YOLO11 classifier not padding during resize?

I’m investigating some inference discrepancies between a YOLO11m-cls YOLO model and its exported ONNX equivalent. In the course of debugging, I added a few lines to the BasePredictor inference code around line 260 (ultralytics/ultralytics/engine/predictor.py at main · ultralytics/ultralytics · GitHub):

              import matplotlib.pyplot as plt
              import time
              now = time.strftime('%H-%M-%S')
              imnp = np.uint8(255*im[0].cpu().numpy().transpose((1, 2, 0)))
              plt.imsave(f'some/directory/check{now}.png', imnp)

And this confirmed that when i pass a non-square image for inference with code like:

    yolo_model = YOLO(yolo_checkpoint)
    yolo_res = yolo_model(test_image_file, imgsz=input_shape, verbose=False)

The image gets cropped, not padded.

From reading the ultralytics documentation, I was under the impression that the intended behavior is for images to be square-padded when an imgsz argument is passed. Have I misunderstood something? Is there a built-in way to enforce square padding during classifier inference?

Thanks!

Oh yeah, and after discovering this, I went back to inspect some output from custom classifier training more closely, and the sample ‘train_batch0.jpg’-type files showed the same was happening during training. Probably to the detriment of this particular training job. So a way to enforce square padding during training would be greatly appreciated as well.

Classification models use center crop.

You can try this to use padding: How to disable auto augument option in training yolov11 classification model? · Issue #19389 · ultralytics/ultralytics · GitHub

This does not work during inference. I’m looking at modifying the classify_transforms function (ultralytics/ultralytics/data/augment.py at 3fceec57be02140c5d6c5779b0310d4496c3aa90 · ultralytics/ultralytics · GitHub) in a similar manner.

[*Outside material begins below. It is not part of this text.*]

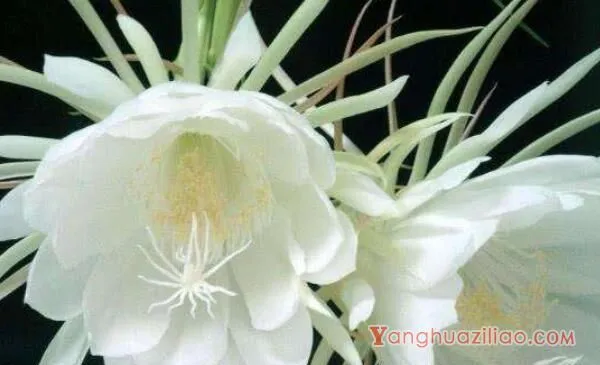 昙花不开花怎么办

Beyond the immediate fix, it seems like this is something that should be very clear in the documentation – right now if you search how imgsz works, all doc references just say images are padded and resized. If classifier transforms work differently, it should be noted here: Classify - Ultralytics YOLO Docs

You could manually preprocess the image and pass the tensor instead. It would skip preprocessing and use your preprocessed tensor.

There’s a PR for non-square inference with classification models.